Sound Advice: The Hottman Sisters with ADM and Brianna Kelly (Jan. 16)

Indie Pop duo The Hottman Sisters head to Urban Artifact.

click to enlarge The Hottman Sisters - PHOTO: FACEBOOK.COM/THEHOTTMANSISTERS
Photo: facebook.com/thehottmansisters
The Hottman Sisters
Music history is littered with popular bands featuring siblings, and the duality of that faction of groups has the makings of an interesting psychological case study. The innate chemistry between brothers and/or sisters often becomes more intense when coupled with a deep, shared passion for music, resulting in a natural and sometimes fruitful creative relationship. But there is also the possibility of contention within that relationship, which can lead to the fracturing of familial bonds and also the self-destruction of the shared project. Maybe getting irritated by people you spend so much time with pursing creative endeavors — mixed with stubbornness, pride, ego and greed — isn’t exclusive to siblings, but looking at high-profile examples (which have to deal more with the added pressures of money and success), it sometimes seems like the odds of falling out with your bandmates are higher when you’ve literally known them all of your life.

Another interesting aspect of this imaginary case study is the difference between musical partners who are men and ones that are women — the majority of prominent instances of high-drama, band-destroying sibling rivalry in popular music are attributed to musicians who are brothers. Heart’s Ann and Nancy Wilson or the sisters in Dixie Chicks probably don’t always get along, but battles between brothers are the stuff of music legend (see: The Kinks, The Black Crowes, Oasis, etc.). Perhaps it’s just another example of how men are better than women.
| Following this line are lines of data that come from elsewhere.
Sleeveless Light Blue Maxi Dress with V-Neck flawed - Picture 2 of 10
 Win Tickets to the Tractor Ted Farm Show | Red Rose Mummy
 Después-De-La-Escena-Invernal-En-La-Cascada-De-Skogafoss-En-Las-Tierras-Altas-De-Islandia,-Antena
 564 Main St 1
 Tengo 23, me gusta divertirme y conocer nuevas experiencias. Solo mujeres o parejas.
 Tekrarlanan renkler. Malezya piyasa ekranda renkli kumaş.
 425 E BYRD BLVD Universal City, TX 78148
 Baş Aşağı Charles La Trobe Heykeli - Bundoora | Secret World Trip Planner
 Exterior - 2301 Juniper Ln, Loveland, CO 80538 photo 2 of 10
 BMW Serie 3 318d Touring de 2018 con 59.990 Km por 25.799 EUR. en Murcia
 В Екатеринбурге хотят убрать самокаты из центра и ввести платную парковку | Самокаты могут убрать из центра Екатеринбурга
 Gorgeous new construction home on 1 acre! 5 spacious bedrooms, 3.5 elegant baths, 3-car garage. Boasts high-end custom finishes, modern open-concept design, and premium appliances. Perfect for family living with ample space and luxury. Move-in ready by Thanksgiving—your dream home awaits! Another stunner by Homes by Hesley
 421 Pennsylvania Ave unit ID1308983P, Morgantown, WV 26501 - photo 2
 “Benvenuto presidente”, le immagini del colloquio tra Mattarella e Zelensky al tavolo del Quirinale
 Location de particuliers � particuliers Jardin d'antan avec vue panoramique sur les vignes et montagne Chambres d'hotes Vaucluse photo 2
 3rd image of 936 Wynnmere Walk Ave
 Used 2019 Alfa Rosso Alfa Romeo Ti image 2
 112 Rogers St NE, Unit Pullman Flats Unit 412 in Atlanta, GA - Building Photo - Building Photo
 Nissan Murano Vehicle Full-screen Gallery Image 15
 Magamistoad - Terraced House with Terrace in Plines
Those tales of conflict may make the music history books, but the artists wouldn’t have gotten that far if it wasn’t for the more productive first part that resulted in the initial art their bond created. That’s the phase in which Nebraska’s Jessica and Heather Hottman appear to be. Music has been a part of the Omaha-based sisters’ relationship all of their lives; growing up, there was church singing and musicals, a shared love of ’90s Pop and harmonizing for fun with Mom and their other sister. After forming a band in college, the pair developed a desire to pursue music as a career, leading to the post-collegiate birth of The Hottman Sisters, which is not a duo act but a band, featuring Jessica on guitar/vocals and Heather on vocals/keys, plus a rotating rhythm section. 

The group’s sound is self-described as Indie Pop (and the Sisters scored a nomination for “Best Indie/Alternative Band” at the 2016 Omaha Entertainment and Arts Awards), but it also has a rootsy Americana streak running through it. Their strongest suits are more proof of the aforementioned chemistry unique to siblings — sturdy songcraft and the atmospheric ambiance created by the sisters’ impeccable and imaginative harmonies. The Hottman Sisters built a reputation and fanbase by performing regularly in their hometown, drawing frequent coverage in the area’s local press. That coverage picked up last summer with the release of debut EP This Two, and it will likely spread now that The Hottman Sisters’ have begun touring across the country. 

And since there are sisters running the show, the chances of the band imploding before their Cincinnati visit after a drunken fistfight in Lexington the night before are extremely low.